College cuts radio station funding

The fate of Dream 97.5, the college ra­dio station, remains unknown weeks after MCCC chose not to renew its partnership with Monroe Public Schools.

“Everyone’s trying to work together on a solution. We’d love to keep this radio station alive as long as possible,” said Joe Verkennes, MCCC’s director of market­ing. “It’s a great asset to the school.”

MCCC officials told representatives of Monroe Public Schools via conference call on June 16 that the partnership would be ending on July 1. A letter had also been sent prior to that.

The partnership dates to 2004, when Monroe High School was faced with bud­get cuts and low enrollment. To keep the station running, the high school formed a partnership with MCCC that allowed students from the college’s radio broad­casting program to use it for learning and experience.

In exchange, the college was to pay all costs associated with operating and main­taining Dream 97.5, effective January 2005.

Faced with three years of declining rev­enues, MCCC chose not to fund Dream 97.5 in its 2011-2012 budget and to ter­minate the position of radio station tech­nician, held by Milward Beaudry, who also teaches the college’s radio and TV courses.

“There’s difficult decisions to be made,” Verkennes said.

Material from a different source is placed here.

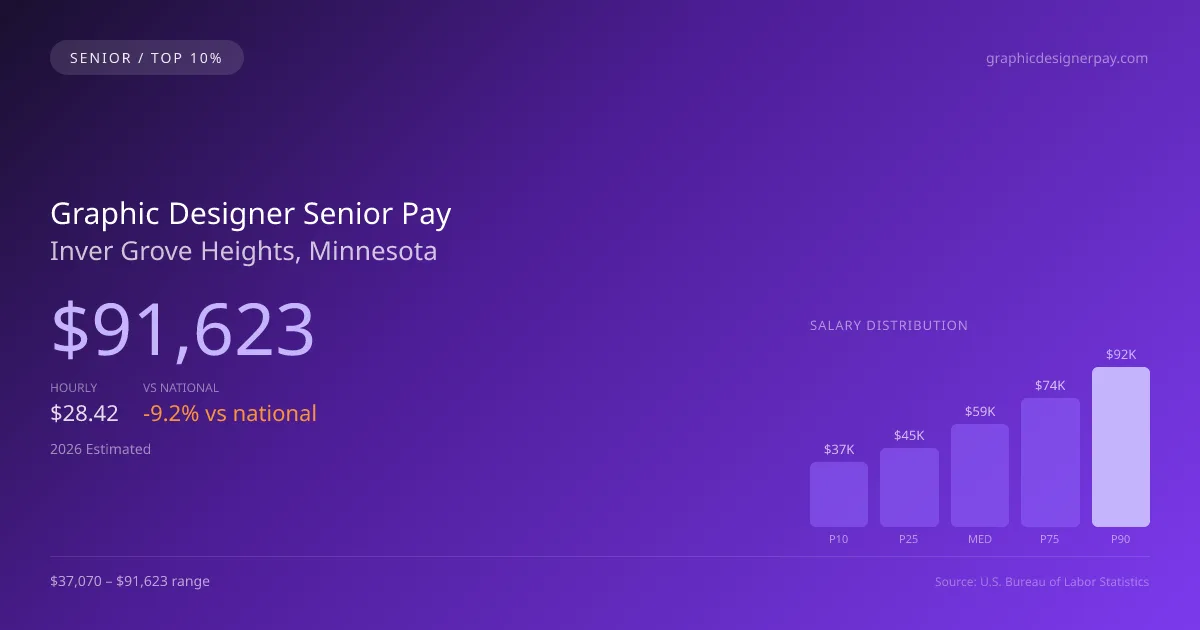 Graphic Designer Senior Salary in Inver Grove Heights, MN — 2026 est., based on 2025 BLS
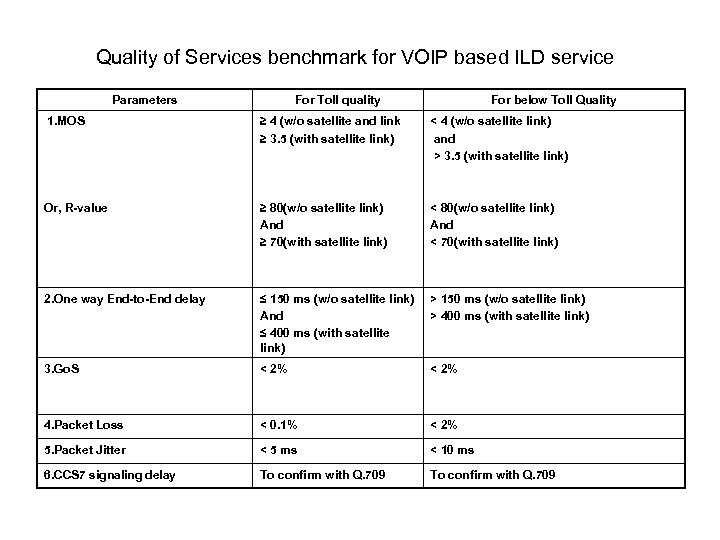 Quality of Services benchmark for VOIP based ILD service Parameters For Toll quality For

Beaudry declined to comment, referring questions to Verkennes.

The college expects to save $31,290 by cutting the program.

Despite the cuts, Verkennes said MCCC will continue to teach radio broadcasting, as long as enough students enroll in the program.

The Radio and Broadcasting Club is also expected to continue, pending student interest.

“We see the value of maintaining the station, even though we don’t have the de­mand from students” said Robert Vergiels, Monroe Public Schools’ public relations director.

With MCCC’s involvement ending, the high school has taken steps to keep Dream 97.5 on the air.

A five-week agreement was reached to keep the station manned through August, and the school intends to broadcast the first MHS football game of the season on August 26.

MHS has also been actively seeking a new partner to keep the station going, and is currently expecting proposals from two local entities.

Bill LaVoy, director of Monroe Public Access Cable Television (MPACT), has confirmed that IMPACT has submitted a proposal to assume control of the station.

The current proposal has a provision that would allow college students to continue using the station for educational purposes.